======== Extracted records
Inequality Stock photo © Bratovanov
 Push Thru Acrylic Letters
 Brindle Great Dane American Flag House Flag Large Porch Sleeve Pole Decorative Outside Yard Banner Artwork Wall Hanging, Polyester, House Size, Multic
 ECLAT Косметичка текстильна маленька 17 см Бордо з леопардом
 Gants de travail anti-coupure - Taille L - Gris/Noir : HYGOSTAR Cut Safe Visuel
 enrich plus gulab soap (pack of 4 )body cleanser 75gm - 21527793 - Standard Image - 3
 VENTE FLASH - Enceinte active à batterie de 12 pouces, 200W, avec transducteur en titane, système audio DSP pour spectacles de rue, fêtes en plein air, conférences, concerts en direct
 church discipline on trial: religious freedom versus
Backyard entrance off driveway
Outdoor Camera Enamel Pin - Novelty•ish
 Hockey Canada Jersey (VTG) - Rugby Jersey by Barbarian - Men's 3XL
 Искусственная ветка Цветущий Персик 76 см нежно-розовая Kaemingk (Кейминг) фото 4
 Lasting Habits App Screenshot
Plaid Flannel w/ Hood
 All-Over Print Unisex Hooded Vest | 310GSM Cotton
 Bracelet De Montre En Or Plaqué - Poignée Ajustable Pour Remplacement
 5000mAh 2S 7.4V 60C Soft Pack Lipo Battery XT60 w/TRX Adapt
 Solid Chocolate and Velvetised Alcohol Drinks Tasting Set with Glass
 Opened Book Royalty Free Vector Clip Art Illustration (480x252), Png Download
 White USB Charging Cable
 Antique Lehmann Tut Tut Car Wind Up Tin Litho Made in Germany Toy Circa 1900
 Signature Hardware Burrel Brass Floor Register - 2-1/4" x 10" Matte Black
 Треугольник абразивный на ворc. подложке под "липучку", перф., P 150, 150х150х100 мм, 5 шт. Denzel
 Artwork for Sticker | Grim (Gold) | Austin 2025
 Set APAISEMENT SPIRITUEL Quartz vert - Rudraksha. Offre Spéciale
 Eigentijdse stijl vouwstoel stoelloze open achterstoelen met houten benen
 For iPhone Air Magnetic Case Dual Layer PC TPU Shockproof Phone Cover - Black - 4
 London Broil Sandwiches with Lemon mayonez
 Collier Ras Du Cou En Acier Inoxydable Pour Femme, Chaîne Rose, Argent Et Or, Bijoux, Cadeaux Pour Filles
================
▶ **Exercise details**: Check each line of the listing above, and copy it if it contains the word "Artwork".

▶ **Output for this exercise**:
 Brindle Great Dane American Flag House Flag Large Porch Sleeve Pole Decorative Outside Yard Banner Artwork Wall Hanging, Polyester, House Size, Multic
 Artwork for Sticker | Grim (Gold) | Austin 2025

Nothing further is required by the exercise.